2023 Türkiyesi’nde merkez sağın neye tekabül ettiği de üzerinde düşünülmeyi hak eden bir sorudur. Turgut Özal’ın ölümünün üzerinden 30, Süleyman Demirel’in Cumhurbaşkanlığı döneminin bitmesi üzerinden 23, 2002 seçimlerindeki büyük altüst oluşun üzerinden 21 sene geçmiştir. Oy pusulasında merkez sağ partilerin önemli bir seçenek olduğuna şahit olmayan, neredeyse iki kuşak gelip geçti. Bugün 1991 model bir merkez sağ, şüphesiz, kadük kalacaktır. 1990’larda milliyetçiliğin ve islamcılığın yükselişi, kimlik politikaları, kırsal kesimin çözülmesi ve hepsinden önemlisi, Türkiye’de tüm siyasi arenaya yeni baştan şekil veren 21 senelik AKP iktidarı tecrübesi bu merkez sağı tarihöncesinde bırakmıştır.

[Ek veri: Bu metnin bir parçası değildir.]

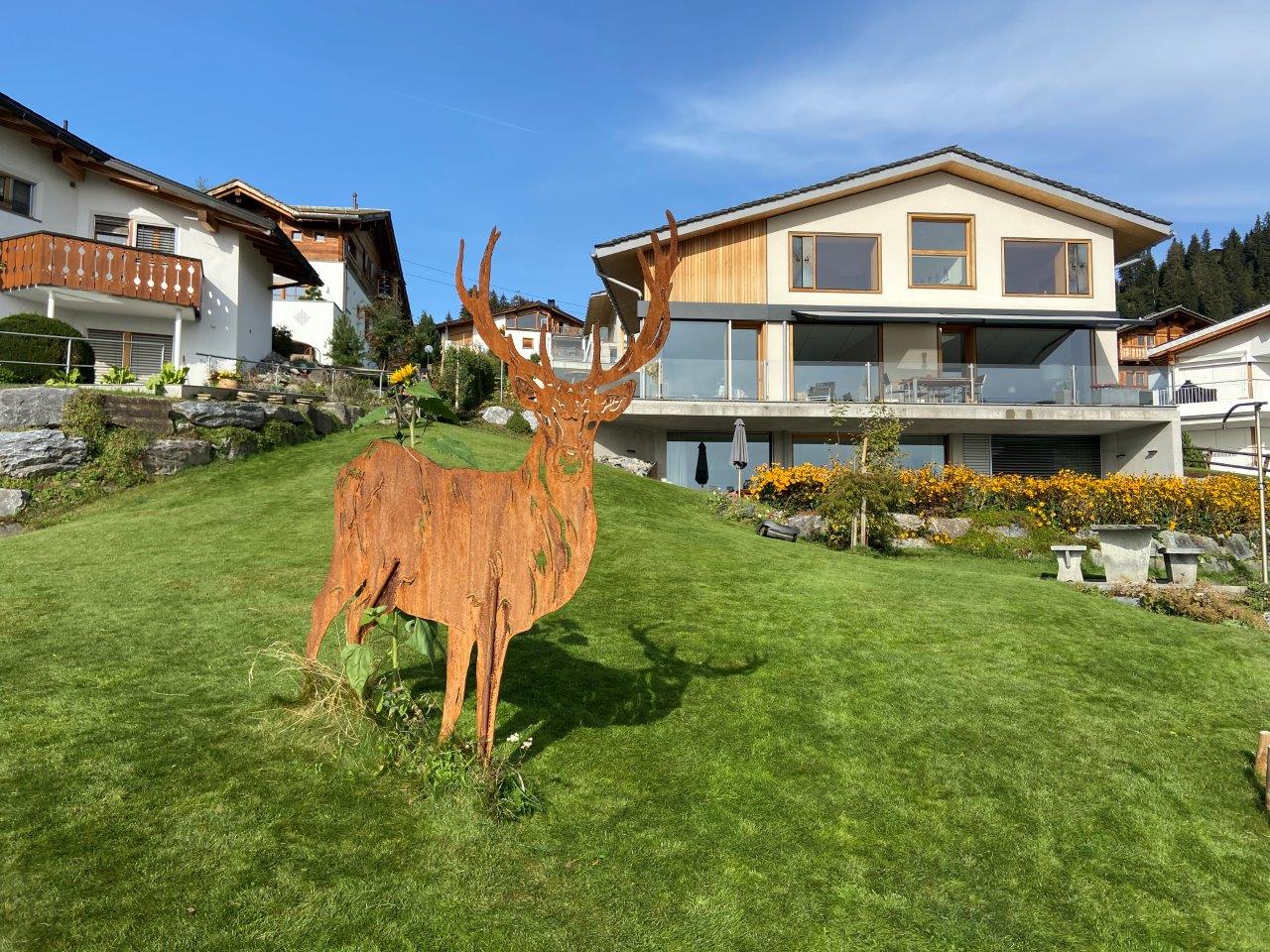 Casa Admisa, (Flims Dorf). 3.5 Ferienwohnung, 2 Du Ferienwohnung in der Schweiz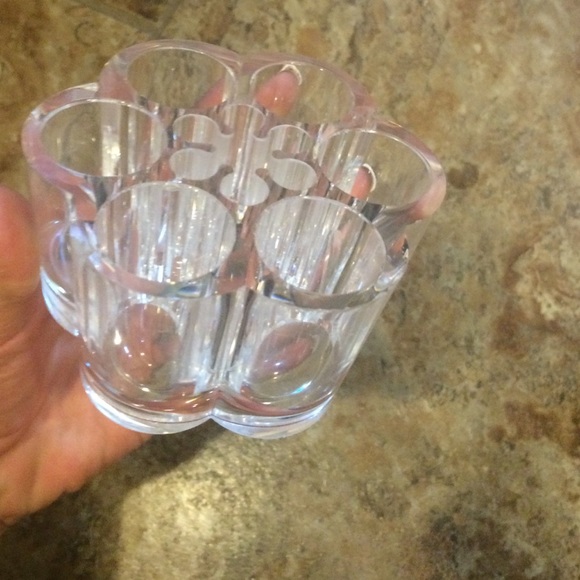 Make up brush holder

Fakat bir anlamda, yeni bir merkez sağ da mümkündür, belki Fransa’da Emmanuel Macron’un yaptığına dikkat kesilen, sosyal muhafazakarlıkla tamamen köprüleri atmadan progresif bir toplumsal ajandaya göz kırpan bir merkez sağ. Sağdan ziyade merkezin hakkını veren bir siyasi pozisyon. Aslında Demokrasi ve Atılım Partisi (DEVA) de ilk ortaya çıkarken kısmen böyle, sosyal liberal denebilecek bir pozisyona oynamıştı. Fakat o da başarılı olamadı. Burada İyi Parti ve DEVA arasındaki gerilime de bir dipnot düşmek gerekir: bu iki partinin gerilimi biraz da aynı pozisyonu temsil etmeye yönelik politik rekabetlerinden kaynaklanıyordu. Parlamenter temsil itibariyle, beklenebileceği gibi, İyi Parti çok önde olmakla beraber, bu eşitsiz rekabetin hala devam ettiğini söylemek gerekir.
Burada milliyetçilik meselesini de vurgulamak lazım. Merkez sağ milliyetçiliği her zaman lafzen sahiplenmiştir, yani İYİ Parti’nin milliyetçiliği onun merkez sağ olduğu gerçeğini değiştirmiyor. Mesele bu milliyetçiliğin ne olduğudur, bir dogma mı, yoksa daha pragmatik yaklaşımlara açık bir fikir olarak mı görüldüğüdür. Geçmişte, DYP de, ANAP da milliyetçi olmadıklarını asla iddia etmediler, milletvekili gruplarında, taşra teşkilatlarında kendini milliyetçi tesmiye edenler hayli yer tutardı. Fakat Turgut Özal Kürt sorunu konusunda cesur fikir egzersizlerinin önünü açmaya çalışmıştır, Süleyman Demirel “Kürt realitesini tanıyoruz”, Mesut Yılmaz “Avrupa Birliği’nin yolu Diyarbakır’dan geçer” diyebilmiştir. Ayrıca, bugün pek anımsanmasa da, aynı Demirel 1996’da Kardak kayalıkları yüzünden Yunanistan’la savaşa dönüşebilecek bir provokasyonu engellemiştir. Bazı milletvekillerini hariç tutalım, bu soğukkanlılığı, bu klişelerden uzaklaşma cesaretini İyi Parti’de görmek güçtür.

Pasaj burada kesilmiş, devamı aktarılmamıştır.